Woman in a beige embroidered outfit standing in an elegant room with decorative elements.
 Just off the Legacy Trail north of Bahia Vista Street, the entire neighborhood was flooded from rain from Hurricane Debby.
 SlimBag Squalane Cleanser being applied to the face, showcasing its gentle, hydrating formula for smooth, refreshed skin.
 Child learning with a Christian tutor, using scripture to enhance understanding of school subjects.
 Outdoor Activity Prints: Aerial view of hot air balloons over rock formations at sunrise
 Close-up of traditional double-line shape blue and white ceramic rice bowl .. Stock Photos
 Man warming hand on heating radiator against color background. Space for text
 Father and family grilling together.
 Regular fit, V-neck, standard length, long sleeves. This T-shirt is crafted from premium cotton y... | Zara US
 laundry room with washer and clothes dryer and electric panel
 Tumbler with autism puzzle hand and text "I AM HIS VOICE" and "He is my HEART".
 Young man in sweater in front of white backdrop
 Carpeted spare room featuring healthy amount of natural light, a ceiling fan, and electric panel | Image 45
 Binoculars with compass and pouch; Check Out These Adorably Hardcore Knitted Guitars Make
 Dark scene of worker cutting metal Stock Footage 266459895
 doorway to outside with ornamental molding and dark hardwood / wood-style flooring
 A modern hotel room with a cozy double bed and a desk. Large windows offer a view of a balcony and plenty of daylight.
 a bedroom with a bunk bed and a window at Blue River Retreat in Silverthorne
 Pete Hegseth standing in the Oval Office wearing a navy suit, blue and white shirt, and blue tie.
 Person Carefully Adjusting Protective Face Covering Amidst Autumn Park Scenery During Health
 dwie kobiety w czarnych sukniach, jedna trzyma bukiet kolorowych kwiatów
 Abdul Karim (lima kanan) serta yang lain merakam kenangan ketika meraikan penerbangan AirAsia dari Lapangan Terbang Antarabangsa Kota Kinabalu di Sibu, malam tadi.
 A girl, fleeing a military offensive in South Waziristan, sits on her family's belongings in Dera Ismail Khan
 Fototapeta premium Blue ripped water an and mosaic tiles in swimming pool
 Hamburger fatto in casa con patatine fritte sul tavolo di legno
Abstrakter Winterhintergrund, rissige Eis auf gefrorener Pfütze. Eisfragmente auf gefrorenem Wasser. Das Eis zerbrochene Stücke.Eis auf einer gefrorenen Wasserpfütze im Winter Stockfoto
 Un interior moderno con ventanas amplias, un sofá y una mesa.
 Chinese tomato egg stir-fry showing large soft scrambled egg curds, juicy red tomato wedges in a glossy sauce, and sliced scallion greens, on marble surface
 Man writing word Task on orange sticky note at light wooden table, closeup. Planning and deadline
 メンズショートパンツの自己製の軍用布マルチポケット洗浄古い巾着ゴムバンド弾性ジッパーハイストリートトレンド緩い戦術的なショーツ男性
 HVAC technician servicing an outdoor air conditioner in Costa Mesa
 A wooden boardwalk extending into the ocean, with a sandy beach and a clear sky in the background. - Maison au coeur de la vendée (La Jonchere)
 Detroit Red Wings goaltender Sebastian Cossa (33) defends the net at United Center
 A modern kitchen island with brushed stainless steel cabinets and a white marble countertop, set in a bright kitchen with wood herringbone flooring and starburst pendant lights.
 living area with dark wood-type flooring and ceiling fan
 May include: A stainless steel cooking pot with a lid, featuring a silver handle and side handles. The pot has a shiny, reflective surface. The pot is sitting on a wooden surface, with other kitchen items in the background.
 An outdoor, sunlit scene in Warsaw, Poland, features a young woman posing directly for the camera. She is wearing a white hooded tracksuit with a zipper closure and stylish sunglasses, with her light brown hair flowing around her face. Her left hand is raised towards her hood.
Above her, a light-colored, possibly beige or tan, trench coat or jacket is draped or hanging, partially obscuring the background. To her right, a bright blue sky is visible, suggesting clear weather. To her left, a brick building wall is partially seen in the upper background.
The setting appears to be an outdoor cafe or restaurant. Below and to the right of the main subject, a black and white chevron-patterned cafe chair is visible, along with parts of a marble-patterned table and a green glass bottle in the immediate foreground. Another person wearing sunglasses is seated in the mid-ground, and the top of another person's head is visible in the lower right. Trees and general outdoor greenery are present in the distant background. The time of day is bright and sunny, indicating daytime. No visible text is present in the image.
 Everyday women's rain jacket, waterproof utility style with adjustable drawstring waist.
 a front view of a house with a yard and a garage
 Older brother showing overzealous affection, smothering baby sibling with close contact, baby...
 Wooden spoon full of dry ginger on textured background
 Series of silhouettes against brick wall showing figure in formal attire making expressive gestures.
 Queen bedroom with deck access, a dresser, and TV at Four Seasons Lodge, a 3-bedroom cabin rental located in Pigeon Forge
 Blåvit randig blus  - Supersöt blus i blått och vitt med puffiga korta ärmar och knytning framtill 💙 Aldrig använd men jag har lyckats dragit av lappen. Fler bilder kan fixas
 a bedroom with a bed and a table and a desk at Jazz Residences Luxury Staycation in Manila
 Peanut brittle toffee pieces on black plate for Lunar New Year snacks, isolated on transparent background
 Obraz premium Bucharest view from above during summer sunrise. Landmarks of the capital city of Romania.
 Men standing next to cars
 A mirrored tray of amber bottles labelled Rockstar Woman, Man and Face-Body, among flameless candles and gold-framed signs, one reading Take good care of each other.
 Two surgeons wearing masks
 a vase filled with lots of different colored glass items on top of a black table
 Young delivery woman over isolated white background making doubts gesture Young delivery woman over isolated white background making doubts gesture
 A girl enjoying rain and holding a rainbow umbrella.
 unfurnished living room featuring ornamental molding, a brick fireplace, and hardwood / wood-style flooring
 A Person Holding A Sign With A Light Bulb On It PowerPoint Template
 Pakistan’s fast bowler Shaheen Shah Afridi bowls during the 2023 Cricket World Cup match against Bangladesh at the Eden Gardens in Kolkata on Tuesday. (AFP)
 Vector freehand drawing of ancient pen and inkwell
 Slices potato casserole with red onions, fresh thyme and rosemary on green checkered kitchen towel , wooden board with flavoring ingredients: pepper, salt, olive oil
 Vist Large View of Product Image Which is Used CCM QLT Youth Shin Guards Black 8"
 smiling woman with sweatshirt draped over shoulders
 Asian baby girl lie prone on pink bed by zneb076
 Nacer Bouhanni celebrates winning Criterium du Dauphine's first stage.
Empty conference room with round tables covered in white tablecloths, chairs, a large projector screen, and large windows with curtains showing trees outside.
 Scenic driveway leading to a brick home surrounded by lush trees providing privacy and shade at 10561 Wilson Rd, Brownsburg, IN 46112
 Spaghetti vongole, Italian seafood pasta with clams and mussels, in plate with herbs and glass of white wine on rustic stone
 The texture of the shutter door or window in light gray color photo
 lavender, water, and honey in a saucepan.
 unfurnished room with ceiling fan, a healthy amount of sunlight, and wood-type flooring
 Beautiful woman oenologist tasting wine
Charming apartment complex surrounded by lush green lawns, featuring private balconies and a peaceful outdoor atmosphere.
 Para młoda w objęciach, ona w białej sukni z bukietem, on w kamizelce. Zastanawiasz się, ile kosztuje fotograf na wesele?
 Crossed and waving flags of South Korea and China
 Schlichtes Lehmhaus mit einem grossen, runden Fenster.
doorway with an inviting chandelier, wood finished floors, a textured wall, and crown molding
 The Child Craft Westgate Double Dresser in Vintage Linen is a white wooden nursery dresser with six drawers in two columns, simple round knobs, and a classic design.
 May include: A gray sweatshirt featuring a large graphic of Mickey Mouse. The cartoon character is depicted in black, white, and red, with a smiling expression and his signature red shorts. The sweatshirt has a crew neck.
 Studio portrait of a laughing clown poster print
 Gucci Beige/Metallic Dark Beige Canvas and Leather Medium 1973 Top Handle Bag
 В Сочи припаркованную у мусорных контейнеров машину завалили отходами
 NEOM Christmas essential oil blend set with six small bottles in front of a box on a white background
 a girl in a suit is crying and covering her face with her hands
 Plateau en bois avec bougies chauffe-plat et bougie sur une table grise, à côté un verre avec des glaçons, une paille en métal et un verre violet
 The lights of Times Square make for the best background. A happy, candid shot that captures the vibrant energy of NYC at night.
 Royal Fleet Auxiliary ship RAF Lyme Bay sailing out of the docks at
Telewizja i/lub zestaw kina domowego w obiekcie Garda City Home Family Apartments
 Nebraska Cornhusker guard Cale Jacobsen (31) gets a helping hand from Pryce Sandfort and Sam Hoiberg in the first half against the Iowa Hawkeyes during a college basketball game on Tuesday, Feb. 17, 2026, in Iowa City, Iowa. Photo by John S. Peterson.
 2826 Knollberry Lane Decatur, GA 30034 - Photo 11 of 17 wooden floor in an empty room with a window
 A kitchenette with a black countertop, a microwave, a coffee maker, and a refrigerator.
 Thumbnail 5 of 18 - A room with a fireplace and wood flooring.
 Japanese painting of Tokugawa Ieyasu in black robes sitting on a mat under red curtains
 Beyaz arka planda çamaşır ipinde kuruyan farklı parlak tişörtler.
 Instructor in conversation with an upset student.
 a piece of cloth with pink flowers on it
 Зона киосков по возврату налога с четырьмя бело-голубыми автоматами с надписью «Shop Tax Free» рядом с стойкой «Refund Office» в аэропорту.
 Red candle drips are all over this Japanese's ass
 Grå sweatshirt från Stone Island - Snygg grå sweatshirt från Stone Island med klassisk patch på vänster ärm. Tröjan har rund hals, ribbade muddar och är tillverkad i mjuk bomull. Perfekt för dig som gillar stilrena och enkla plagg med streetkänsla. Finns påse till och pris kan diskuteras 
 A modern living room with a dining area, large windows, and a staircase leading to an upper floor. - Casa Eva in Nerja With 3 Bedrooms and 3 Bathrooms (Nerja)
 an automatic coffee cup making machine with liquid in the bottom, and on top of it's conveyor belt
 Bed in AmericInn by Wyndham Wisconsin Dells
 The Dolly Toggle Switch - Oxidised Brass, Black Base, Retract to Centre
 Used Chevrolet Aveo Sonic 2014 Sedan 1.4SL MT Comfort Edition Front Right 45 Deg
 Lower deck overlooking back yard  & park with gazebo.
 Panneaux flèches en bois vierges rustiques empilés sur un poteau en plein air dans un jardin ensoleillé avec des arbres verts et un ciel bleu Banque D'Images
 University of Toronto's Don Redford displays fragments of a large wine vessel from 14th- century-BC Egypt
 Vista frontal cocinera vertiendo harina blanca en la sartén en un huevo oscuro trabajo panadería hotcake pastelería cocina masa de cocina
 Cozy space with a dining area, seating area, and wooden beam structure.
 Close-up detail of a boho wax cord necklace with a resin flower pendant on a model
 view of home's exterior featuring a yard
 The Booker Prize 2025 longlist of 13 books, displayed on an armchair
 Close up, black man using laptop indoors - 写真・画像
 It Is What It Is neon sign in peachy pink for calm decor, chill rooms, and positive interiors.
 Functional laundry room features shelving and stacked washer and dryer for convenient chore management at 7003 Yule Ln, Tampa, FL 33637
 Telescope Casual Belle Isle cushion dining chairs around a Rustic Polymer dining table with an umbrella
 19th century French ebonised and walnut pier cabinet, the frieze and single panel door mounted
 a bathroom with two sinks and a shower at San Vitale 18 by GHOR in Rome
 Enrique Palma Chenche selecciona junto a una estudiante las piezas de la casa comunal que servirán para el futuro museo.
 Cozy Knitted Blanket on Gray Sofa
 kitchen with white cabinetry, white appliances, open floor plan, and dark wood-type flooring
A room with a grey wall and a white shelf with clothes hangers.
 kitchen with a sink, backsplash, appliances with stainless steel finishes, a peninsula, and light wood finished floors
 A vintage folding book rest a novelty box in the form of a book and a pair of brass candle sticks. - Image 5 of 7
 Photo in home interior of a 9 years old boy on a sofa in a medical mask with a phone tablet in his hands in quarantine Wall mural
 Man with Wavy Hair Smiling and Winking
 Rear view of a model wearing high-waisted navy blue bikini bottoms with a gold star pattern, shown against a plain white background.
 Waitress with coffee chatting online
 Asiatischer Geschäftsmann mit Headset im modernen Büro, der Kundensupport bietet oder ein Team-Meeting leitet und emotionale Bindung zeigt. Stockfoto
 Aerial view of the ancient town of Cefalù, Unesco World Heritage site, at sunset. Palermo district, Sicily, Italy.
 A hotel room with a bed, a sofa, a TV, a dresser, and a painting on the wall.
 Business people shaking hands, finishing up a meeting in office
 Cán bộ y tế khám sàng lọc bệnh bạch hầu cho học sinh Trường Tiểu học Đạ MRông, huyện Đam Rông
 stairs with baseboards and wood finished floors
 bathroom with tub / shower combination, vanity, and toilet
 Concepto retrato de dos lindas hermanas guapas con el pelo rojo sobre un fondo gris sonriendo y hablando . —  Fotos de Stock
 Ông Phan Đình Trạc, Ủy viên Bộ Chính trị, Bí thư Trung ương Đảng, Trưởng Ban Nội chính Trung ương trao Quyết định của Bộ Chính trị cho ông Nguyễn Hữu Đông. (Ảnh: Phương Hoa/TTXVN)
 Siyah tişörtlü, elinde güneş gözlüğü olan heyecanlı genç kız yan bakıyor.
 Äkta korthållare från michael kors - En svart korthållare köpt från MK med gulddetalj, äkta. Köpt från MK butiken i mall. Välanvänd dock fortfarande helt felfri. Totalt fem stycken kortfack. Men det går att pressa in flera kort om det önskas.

· · · · ·

- **Exercise requirements**
Where a line of the data includes the string "steel", list that line.

- **Response to the exercise**
 A modern kitchen island with brushed stainless steel cabinets and a white marble countertop, set in a bright kitchen with wood herringbone flooring and starburst pendant lights.
 May include: A stainless steel cooking pot with a lid, featuring a silver handle and side handles. The pot has a shiny, reflective surface. The pot is sitting on a wooden surface, with other kitchen items in the background.
 kitchen with a sink, backsplash, appliances with stainless steel finishes, a peninsula, and light wood finished floors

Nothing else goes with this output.